3 - MINISTRE DE LA JUSTICE (1981-1986)

Robert Badinter joue un rôle actif lors des campagnes présidentielles de François Mitterrand de 1974 et de 1981 et est nommé, en juin 1981, garde des Sceaux, dans le gouvernement de Pierre Mauroy. À ce titre, il est l'auteur du projet de loi d'abolition de la peine de mort, qui est voté le 18 septembre 1981. Soucieux de moderniser la justice, et de la mettre en conformité avec les droits de l’homme, il entreprend de nombreuses réformes du système judiciaire et carcéral inspirées du souci d’orienter la justice dans un sens moins répressif. C’est ainsi qu’il abroge la loi dite « sécurité et liberté » (10 juin 1983), la loi « anticasseurs » (23 décembre 1981) et qu’il supprime le délit d’homosexualité (4 août 1982). Il supprime également certaines juridictions d’exceptions comme la Cour de sûreté de l’État (4 août 1981) et les tribunaux des forces armées en temps de paix (21 juillet 1982).
Afin de lutter contre la progression de la délinquance, il développe les peines non privatives de liberté comme les jours-amende ou encore les travaux d’intérêts généraux afin d’offrir une alternative aux peines d’emprisonnement en cas de délits mineurs. À cet effet, il crée un Conseil national et des conseils départementaux de prévention de la délinquance.
Préoccupé par les situations de surpopulation en milieu carcéral, il engage des réformes visant à humaniser la situation des détenus (parloirs sans séparation, suppression des quartiers de haute sécurité, construction de nouvelles prisons, etc.).
Enfin, il améliore l’accès des citoyens à la justice en élargissant le droit pour les associations de se constituer parties civiles en matière de crimes contre l’humanité, de crimes de guerre (10 juin 1983) et de crimes à caractère raciste (3 janvier 1985).
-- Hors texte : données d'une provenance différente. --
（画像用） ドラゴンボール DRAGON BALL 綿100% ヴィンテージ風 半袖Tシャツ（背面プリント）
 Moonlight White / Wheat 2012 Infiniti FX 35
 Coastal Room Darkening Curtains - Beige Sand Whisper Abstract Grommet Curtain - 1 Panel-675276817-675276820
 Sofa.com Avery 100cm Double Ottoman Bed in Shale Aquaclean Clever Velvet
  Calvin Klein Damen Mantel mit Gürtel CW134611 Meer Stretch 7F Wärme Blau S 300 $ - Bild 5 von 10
Il œuvre également pour que la France reconnaisse le droit pour tout justiciable d’exercer un recours individuel devant la Commission et la Cour européenne des droits de l’homme, en cas de violation de la Convention européenne des droits de l’homme (9 octobre 1981).

4 - PRÉSIDENT DU CONSEIL CONSTITUTIONNEL (1986-1995)

Appelé à succéder à Daniel Mayer à la présidence du Conseil constitutionnel, Robert Badinter prend ses fonctions le 19 février 1986. Il poursuit la politique de ses prédécesseurs, visant à faire du Conseil un défenseur vigilant des libertés publiques et un garant de la continuité des institutions, dans une période marquée par trois alternances politiques (1986, 1988 et 1993) et deux expériences de cohabitation entre des majorités politiques différentes au sein du pouvoir exécutif. Son mandat arrivé à expiration en 1995, il est remplacé par Roland Dumas, ancien ministre des Affaires étrangères. Robert Badinter s’implique en faveur de la Cour de conciliation et d’arbitrage, créée en 1992 dans le cadre de la Conférence pour la sécurité et la coopération en Europe (CSCE), qui a pour objet d’élaborer des solutions pacifiques en cas de différend opposant les États. Il est élu sénateur des Hauts-de-Seine en 1995 et réélu en 2004.
Robert Badinter est par ailleurs l’auteur de plusieurs ouvrages dont l’Exécution (1973), dans lequel il relate le procès et l’exécution de Roger Bontems ; une biographie consacrée à Condorcet (Condorcet, un intellectuel en politique, 1988), rédigée en collaboration avec son épouse, Élisabeth Badinter ; Libres et égaux (1989) et un essai historique intitulé la Prison républicaine (1992). L'Abolition, retraçant son combat pour l’abolition de la peine de mort, reçoit le prix Femina essais en 2000. En 2002, il publie Une Constitution européenne, rédigée article par article, afin de contribuer aux réflexions menées par la Convention sur l’avenir de l’Europe, présidée par Valéry Giscard d’Estaing. Contre la peine de mort (2006), recueil de textes et discours, est un nouveau plaidoyer en faveur de l’abolition de la peine de mort dans le monde.